Gadot não assusta, porque a personagem que lhe foi dada não assusta tanto quanto a original. Como poderia, se aceita ser derrotada ao perder uma arma que seria capaz de replicar usando apenas suas mãos? Se inveja a bondade de uma princesa? Se fica parada aguardando ser derrotada?
Na nova Branca de Neve, a Rainha é a antagonista que serve de pontapé para o crescimento da líder que a princesa quer se tornar, e Gadot é a coadjuvante que serve de pontapé para o crescimento da atriz excepcional que Rachel vem se tornando.
I close my eyes and see
The girl I'm meant to be
Is she a part of me
I've had to hide?
Rachel não é uma má Branca de Neve. Ela é perfeita para a Branca de Neve que lhe foi entregue. Cantando suas músicas lindamente, transmitindo bondade e coragem nas expressões e se conectando incrivelmente com os não-anões de CGI, a atuação de Zegler é impecável. Só, mais uma vez, não é a Branca de Neve.

As críticas ao live action são, acima de tudo, por um desencontro de expectativas entre público e criação, que só se encontram nos animais impecáveis e nos figurinos muito mais que perfeitos, réplicas quase idênticas dos desenhados por Walt Disney. Neles, as poucas mudanças, como a coroa de vidro da Rainha Má, parecem até mesmo melhorar as vestes originais.
Tudo que é feito no live action é, sim, bem feito. Visuais, figurino, animações, roteiro, músicas e atriz principal. Tudo funciona, tudo encaixa, e tudo se une em um produto final que encanta qualquer um que não seja encantado pela Branca de Neve.
She's dreaming all alone
Sharing secrets with the stone
Não é a Branca de Neve, como não prometeu ser desde o momento em que escalou uma atriz que não ama a personagem como a maioria das escolhidas amam suas princesas. Seja por despreparo midiático, seja por honestidade, Rachel nunca escondeu o quanto acha a história original ultrapassada, e o quanto tinha intenções de criar uma nova personagem.

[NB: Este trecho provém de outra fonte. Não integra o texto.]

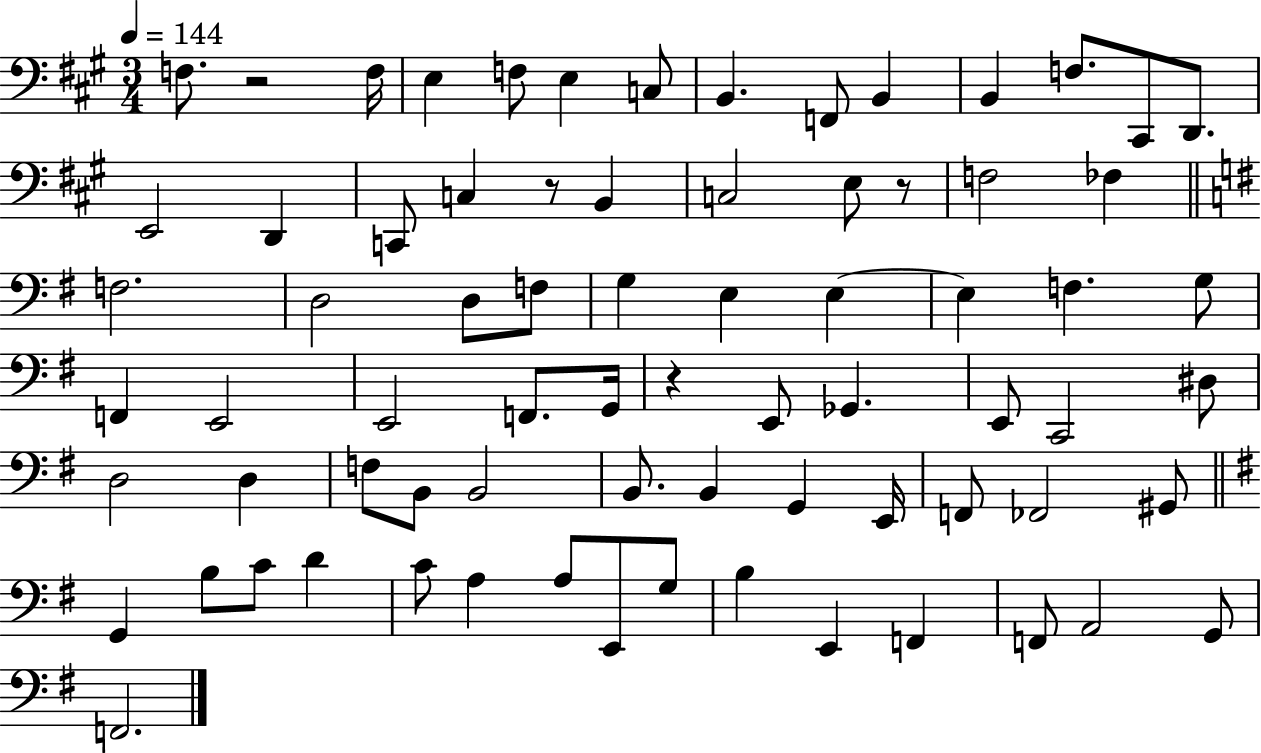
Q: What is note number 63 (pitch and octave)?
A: G3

Ela avisou, e talvez não tenha sido ouvida por um público exageradamente focado na aparência da atriz que, na realidade, não foi infiel, andando lado a lado com uma excelente caracterização da personagem. Já diria o novo espelho - as respostas nesse filme não estão no exterior, mas sim no interior.
Uma talentosa, doce e excelente atriz atraiu para si um dos trabalhos mais criticados de sua carreira por não ter cumprido a expectativa do público. Talvez, se tivesse prometido com todas as letras modificar e não recriar, como as amadas Brancas de Neve de Lily Collins e Ginnifer Goodwin, Rachel Zegler fosse tida como uma Branca de Neve maravilhosa.
Your voice will carry through
And bring that dream to you

Mas, se alguém pode ajudá-la a lidar com a onda de maldade que recaiu sobre ela em um projeto onde nenhuma das más decisões foi feita por ela, talvez seja justamente a princesa que ela não recriou, mas sim criou. É como diria a própria Branca de Neve: enquanto a princesa se tornou a líder que antes se sentia presa por não poder ser, Rachel se tornou a Branca de Neve que a Disney achou estar presa na personagem original.
Não é a Branca de Neve. Mas é linda ainda assim.